Sur les cinq secteurs analysés en Europe, le seul à consommer davantage d’énergie est l’hôtellerie. Les bâtiments hôteliers ont vu leur consommation énergétique augmenter de 5,3% par rapport à 2021. Selon Vincent Bryant, ingénieur et co-fondateur de Deepki, «cette unique hausse est représentative de la reprise d’activité qu’à connu le secteur hôtelier en 2022, après le passage à vide du Covid 19». En tout cas, la mauvaise performance du secteur d’un point de vue environnemental «devrait encore renforcer la motivation des acteurs pour s’améliorer. Des bâtiments trop énergivores peuvent rapidement perdre de la valeur ou provoquer le désintéressement des investisseurs et des clients». L’index pointe notamment du doigt les hôtels de luxe, «principaux contributeurs à la consommation du secteur, en raison de la nature des services offerts», affirmant que les «propriétaires doivent trouver de nouvelles solutions moins énergivores pour maintenir le même niveau de services». Pourtant, avec une consommation moyenne de 198 kWH par mètre carré, les bâtiments hôteliers sont loin d’être les plus énergivores. Le secteur est bien le seul à ne pas s’améliorer mais n’est que le troisième consommateur d’énergie.

Sur la deuxième marche du podium, les bâtiments de santé, avec une consommation moyenne de 208 kWH/m2. Mais ce secteur médaillé d’argent s’illustre quand même par une diminution de 7,2% de sa consommation énergétique. Le bonnet d’âne revient au commerce. Et le secteur écope d’une double mauvaise note. D’une part, il est le secteur aux bâtiments les plus énergivores avec 224 kWH/m2. D’autre part, il est celui qui s’est le moins amélioré par rapport à 2021, avec une baisse de la consommation énergétique de seulement 0,5%.

Les secteurs qui s’en sortent le mieux sont les bureaux (134 kWH/m2 soit -6,3%), la logistique (100 kWH/m2, soit -10%) et les logements (183 kWH/m2 soit -11,2%). De bonnes performances que Vincent Bryant explique par la combinaison «des effets du climat, plus en 2022, et des coûts de l’énergie, plus élevés en 2022».

À lire aussiPassoires thermiques : quand les travaux de rénovation sont impossibles

À l’échelle européenne, «la France fait plutôt partie des très bons élèves», rassure le co-fondateur de Deepki. «À bien des égards, elle fait partie des meilleurs, des pays le plus avancés en matière d’efforts faits pour réduire l’empreinte environnementale et climatique de l’immobilier». En effet, «le cadre réglementaire mis en œuvre est très contraignant, preuve des ambitions beaucoup plus grandes en France qu’en Allemagne ou qu’en Espagne», avance-t-il. Pour lui, l’initiative de la Direction immobilière de l’État – un des clients de Deepki – de mesurer sa consommation énergétique et d’investir pour la réduire est une exception française.

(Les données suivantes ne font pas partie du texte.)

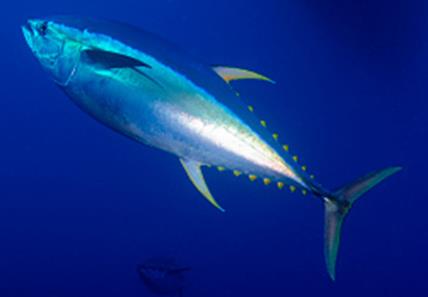 Описание: Пелагическая Рыба — стоковые фотографии и другие картинки Плавание - Плавание, Тунец - морепродукты, Pelagic Zone - iStock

Pourtant, «être en avance ne signifie pas que l’on puisse se reposer sur nos lauriers». «Nous sommes très, très loin d’atteindre les objectifs de 2050. On constate des efforts d’intensification faits par tous les acteurs du secteur immobilier, mais on ne va pas assez vite», explique Vincent Bryant. Pour sortir de cette inertie systémique, «il faudrait mettre les bouchées doubles sur la création d’emplois qualifiés». Rien qu’en France, le spécialiste chiffre à 300.000 le nombre d’ouvriers du bâtiment compétents en rénovation / construction énergétique nécessaire. Pour lui, «Il y a une énorme différence entre une paire de bras, et une paire de bras qui sait faire. Poser une fenêtre et poser une fenêtre qui respecte l’isolation thermique sont deux métiers différents». En plus de cela, la question des matériaux reste cruciale. Outre les matériaux de construction, «la production d’équipements de pointe comme les pompes à chaleur et les panneaux solaires doit être relocalisée. Il est impossible de construire un bâtiment vert si on doit attendre douze mois pour un équipement clé». Et que ce soit l’effort mis sur la main-d’œuvre ou sur l’industrie, «l’économie locale s’en verra ragaillardie», sourit Vincent Bryant.